-- TASK REQUIREMENTS --
Will you give the material below again, every line exactly as it is?

*** SOURCE MATERIAL Section Begins ***

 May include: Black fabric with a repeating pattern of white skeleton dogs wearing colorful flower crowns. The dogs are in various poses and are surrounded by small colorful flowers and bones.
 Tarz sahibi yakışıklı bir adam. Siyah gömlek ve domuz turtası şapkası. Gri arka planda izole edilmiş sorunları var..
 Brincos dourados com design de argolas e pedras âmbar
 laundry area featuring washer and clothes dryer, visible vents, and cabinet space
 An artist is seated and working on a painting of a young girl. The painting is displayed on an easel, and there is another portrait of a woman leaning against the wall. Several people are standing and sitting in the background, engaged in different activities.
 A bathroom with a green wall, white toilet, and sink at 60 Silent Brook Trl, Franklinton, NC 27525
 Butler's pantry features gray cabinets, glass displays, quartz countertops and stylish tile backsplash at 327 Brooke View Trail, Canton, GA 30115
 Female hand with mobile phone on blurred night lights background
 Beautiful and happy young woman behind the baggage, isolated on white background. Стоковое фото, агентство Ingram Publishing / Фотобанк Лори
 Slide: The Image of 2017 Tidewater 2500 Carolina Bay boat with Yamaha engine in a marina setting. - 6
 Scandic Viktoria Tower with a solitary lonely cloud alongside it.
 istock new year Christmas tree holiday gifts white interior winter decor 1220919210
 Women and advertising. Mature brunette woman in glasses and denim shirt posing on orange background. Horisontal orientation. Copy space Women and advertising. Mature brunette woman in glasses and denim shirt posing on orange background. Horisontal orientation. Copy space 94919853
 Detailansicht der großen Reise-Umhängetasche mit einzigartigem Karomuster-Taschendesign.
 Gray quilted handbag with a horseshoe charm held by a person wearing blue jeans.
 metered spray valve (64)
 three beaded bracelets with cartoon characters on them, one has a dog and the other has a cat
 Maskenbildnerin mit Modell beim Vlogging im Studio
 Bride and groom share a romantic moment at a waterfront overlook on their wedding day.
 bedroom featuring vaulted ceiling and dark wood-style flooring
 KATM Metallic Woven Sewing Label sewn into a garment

*** SOURCE MATERIAL Section Ends ***

-- RESPONSE TO THE TASK --
 May include: Black fabric with a repeating pattern of white skeleton dogs wearing colorful flower crowns. The dogs are in various poses and are surrounded by small colorful flowers and bones.
 Tarz sahibi yakışıklı bir adam. Siyah gömlek ve domuz turtası şapkası. Gri arka planda izole edilmiş sorunları var..
 Brincos dourados com design de argolas e pedras âmbar
 laundry area featuring washer and clothes dryer, visible vents, and cabinet space
 An artist is seated and working on a painting of a young girl. The painting is displayed on an easel, and there is another portrait of a woman leaning against the wall. Several people are standing and sitting in the background, engaged in different activities.
 A bathroom with a green wall, white toilet, and sink at 60 Silent Brook Trl, Franklinton, NC 27525
 Butler's pantry features gray cabinets, glass displays, quartz countertops and stylish tile backsplash at 327 Brooke View Trail, Canton, GA 30115
 Female hand with mobile phone on blurred night lights background
 Beautiful and happy young woman behind the baggage, isolated on white background. Стоковое фото, агентство Ingram Publishing / Фотобанк Лори
 Slide: The Image of 2017 Tidewater 2500 Carolina Bay boat with Yamaha engine in a marina setting. - 6
 Scandic Viktoria Tower with a solitary lonely cloud alongside it.
 istock new year Christmas tree holiday gifts white interior winter decor 1220919210
 Women and advertising. Mature brunette woman in glasses and denim shirt posing on orange background. Horisontal orientation. Copy space Women and advertising. Mature brunette woman in glasses and denim shirt posing on orange background. Horisontal orientation. Copy space 94919853
 Detailansicht der großen Reise-Umhängetasche mit einzigartigem Karomuster-Taschendesign.
 Gray quilted handbag with a horseshoe charm held by a person wearing blue jeans.
 metered spray valve (64)
 three beaded bracelets with cartoon characters on them, one has a dog and the other has a cat
 Maskenbildnerin mit Modell beim Vlogging im Studio
 Bride and groom share a romantic moment at a waterfront overlook on their wedding day.
 bedroom featuring vaulted ceiling and dark wood-style flooring
 KATM Metallic Woven Sewing Label sewn into a garment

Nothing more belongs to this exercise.